Short text fragments from websites
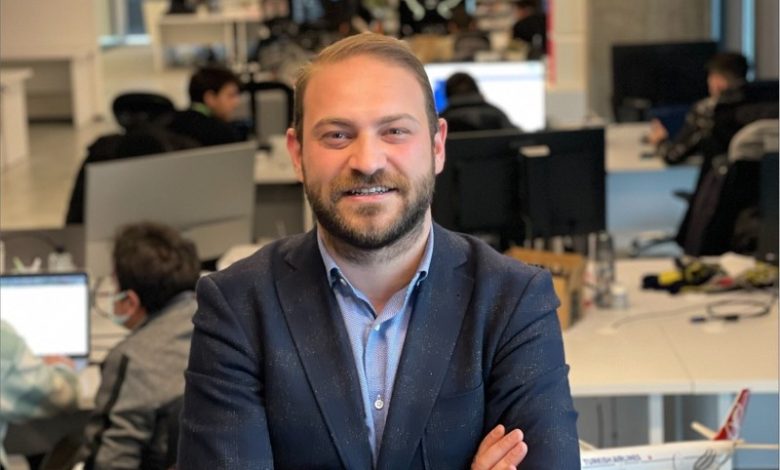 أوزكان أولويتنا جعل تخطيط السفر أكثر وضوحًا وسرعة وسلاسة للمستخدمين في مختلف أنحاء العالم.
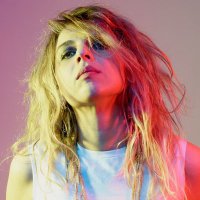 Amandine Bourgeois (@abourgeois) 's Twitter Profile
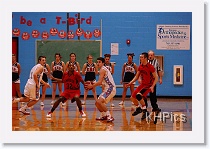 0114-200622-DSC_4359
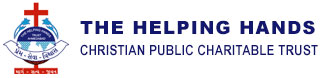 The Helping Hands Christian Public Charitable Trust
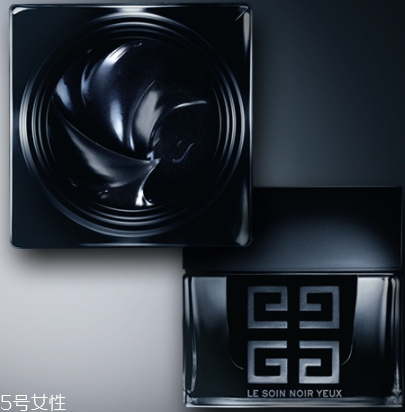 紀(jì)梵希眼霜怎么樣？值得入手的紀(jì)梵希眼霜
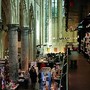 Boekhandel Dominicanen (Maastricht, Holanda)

→ EXERCISE BRIEF
Leaving images out, please output every line of the data exactly.

→ SOLVED EXERCISE
 أوزكان أولويتنا جعل تخطيط السفر أكثر وضوحًا وسرعة وسلاسة للمستخدمين في مختلف أنحاء العالم.
 Amandine Bourgeois (@abourgeois) 's Twitter Profile
 0114-200622-DSC_4359
 The Helping Hands Christian Public Charitable Trust
 紀(jì)梵希眼霜怎么樣？值得入手的紀(jì)梵希眼霜
 Boekhandel Dominicanen (Maastricht, Holanda)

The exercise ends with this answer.